Whichever will hurt less, Pocahontas knows. She strokes Ariel's arm, the lean swimmer's muscles, and wishes that she could dive beneath the sea and join her lover there. There are only a finite number of paths, her father always says, but surely paths are formed by humans, not natural things that make their own decisions? There always has to be the first foot upon a path, the first hand to part the bushes.

There has to be.

"No," says Pocahontas. Ariel looks up, sharply, blue eyes huge and heartbroken. "No," Pocahontas repeats. "I will not let others choose my course." Her fingers catch at a stray tendril of Ariel's hair - so strange, the red, surely something that can only be of mermaids, and not humans - and gently twine into it. "We will choose our course."

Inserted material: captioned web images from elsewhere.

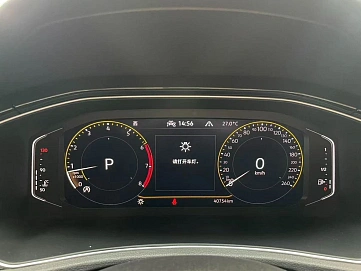 Volkswagen T-Roc, 2022г., полный привод, робот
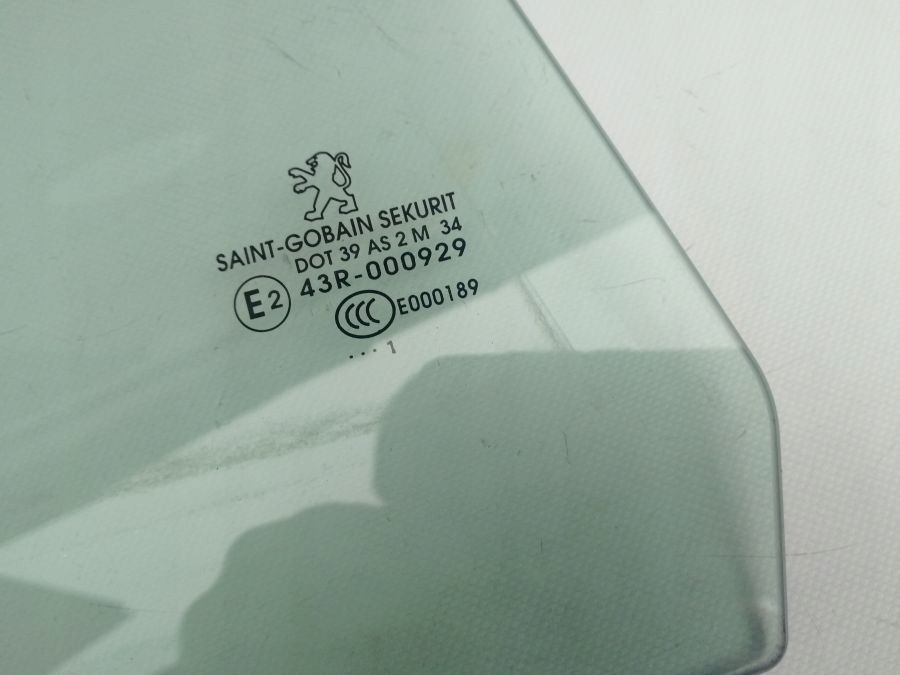 PEUGEOT 508 SZYBA DRZWI TYL SEDAN Part number PEUGEOT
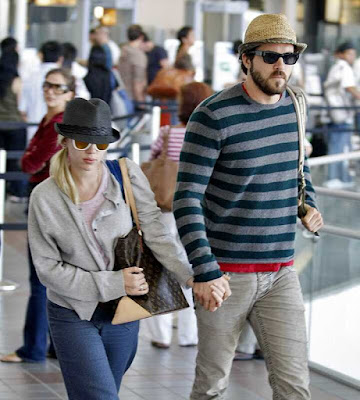 Scarlett Johansson with her first marriage husband Ryan Reynolds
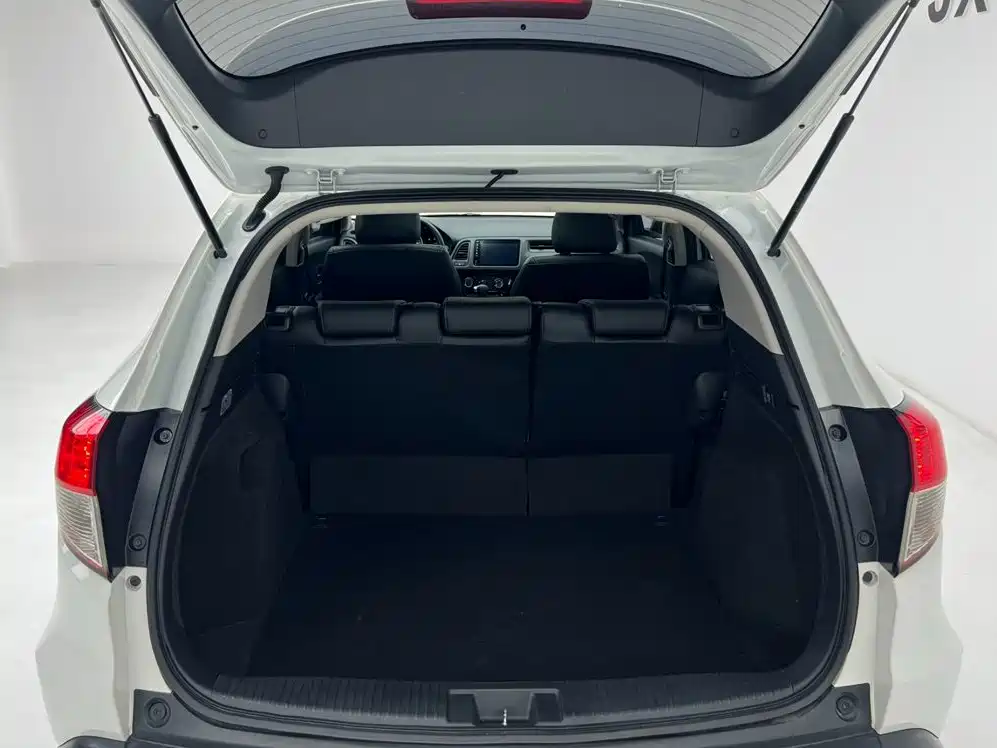 Honda Vezel 2022 — фото 19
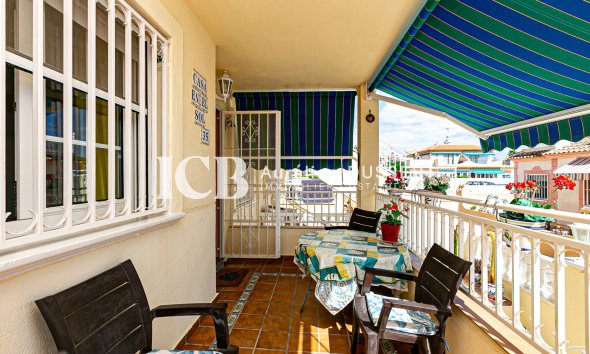 Reventa - Apartamento / piso -
Orihuela Costa - Playa Flamenca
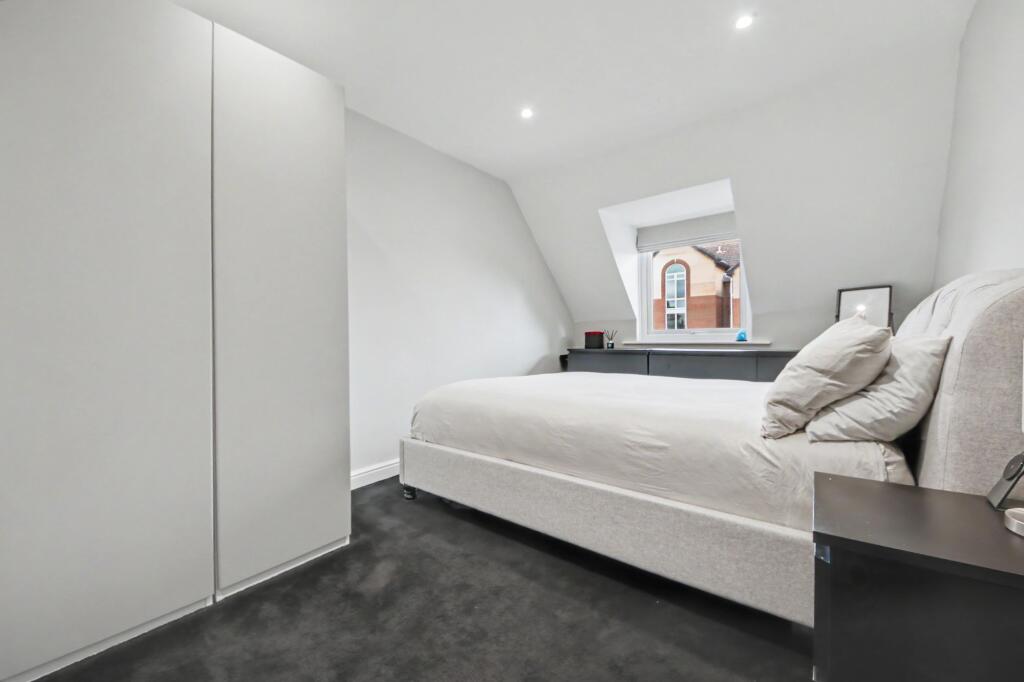 Apartment in Southampton - View 4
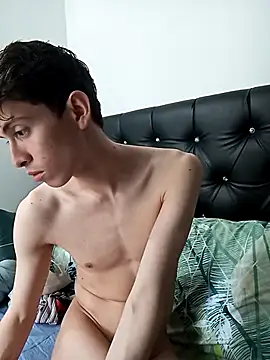 Snapshot of Norehg chatting on 03-06-25, 08:05 Norehg online show from 03-06-25, 08:05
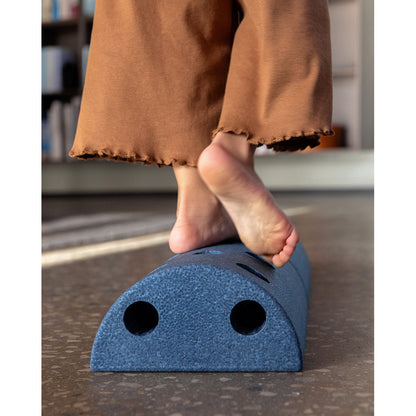 Modu Stool, barneskammel, aktivitetsmøbel i skum - Deep blue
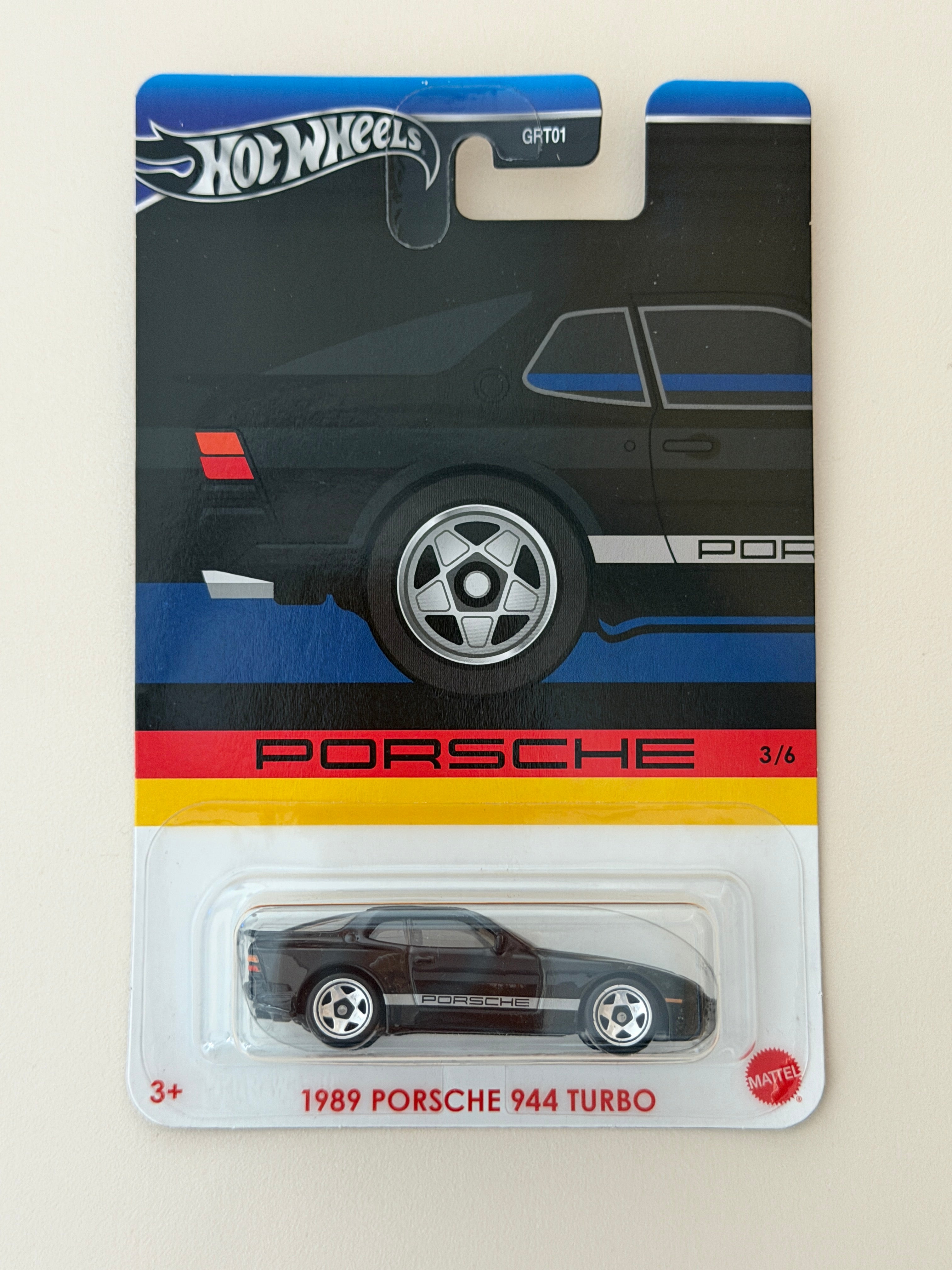 Hot Wheels Porsche set 1989 Porsche 944 Turbo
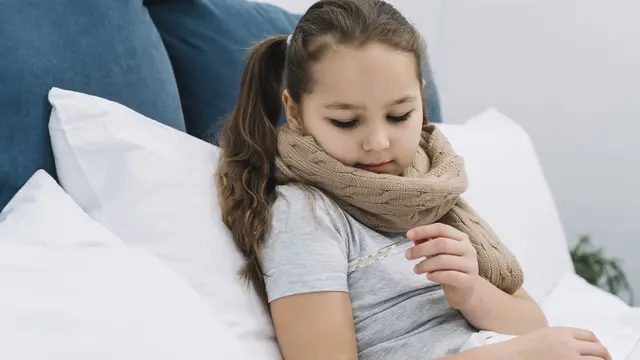 Kompres anak dengan handuk hangat untuk melancarkan peredaran darahnya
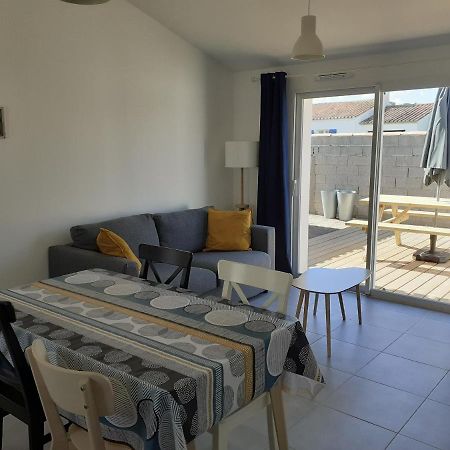 Maison Neuve Au Calme Proche Centre-Ville Et Plages Villa นัวร์มูติเย-ออง-ลิล ภายนอก รูปภาพ
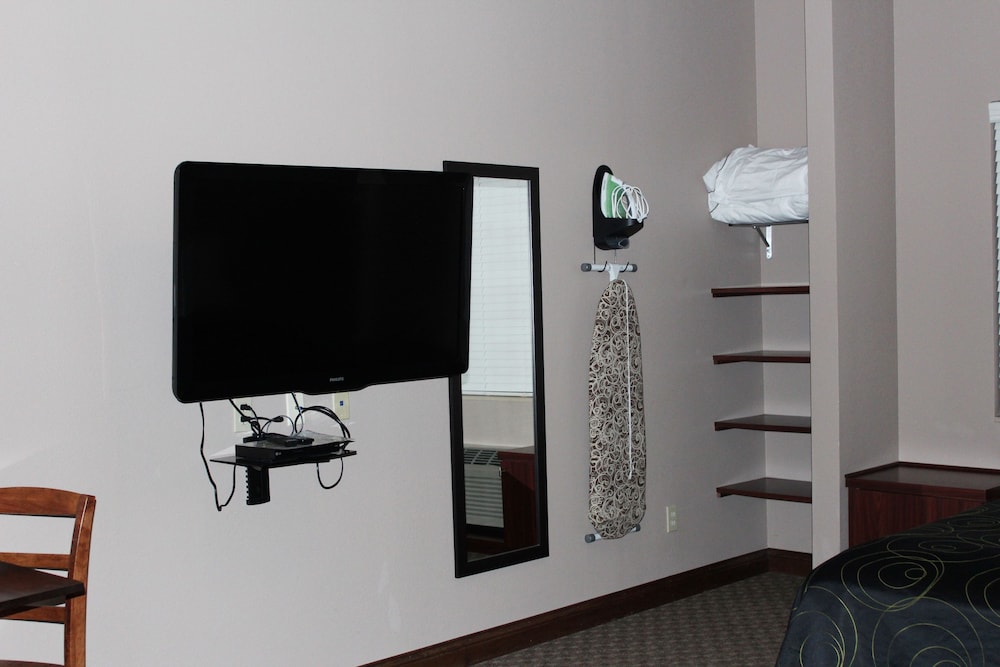 Bell Apos S Extended Stay And Suites 30/75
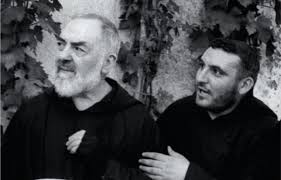 Gianni bonagura, sergio castellitto, jürgen prochnow and others. Ojciec Pio I Przybysze Z Zaswiatow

Slowly, finally, Ariel smiles again. It is as beautiful as the sunrises that flower over the open ocean, as true and as natural as the song made by the wind in the trees. She throws herself into Pocahontas's arms, but in her enthusiasm knocks them both over, rolling them off the boulder on which they sit and splashing them into the cool shallows. Pocahontas laughs all the same, rolling with it so that Ariel is on her back and Pocahontas can lean over her, drinking in her beautiful smile and the wonder in her eyes.

"Both of us," says Pocahontas. "We will both look for a new course."

"Yes," Ariel promises, and twines their fingers together. When she reaches up for another kiss, the salt on her lips is the salt of the river, and the taste of hope lingers on her tongue once again.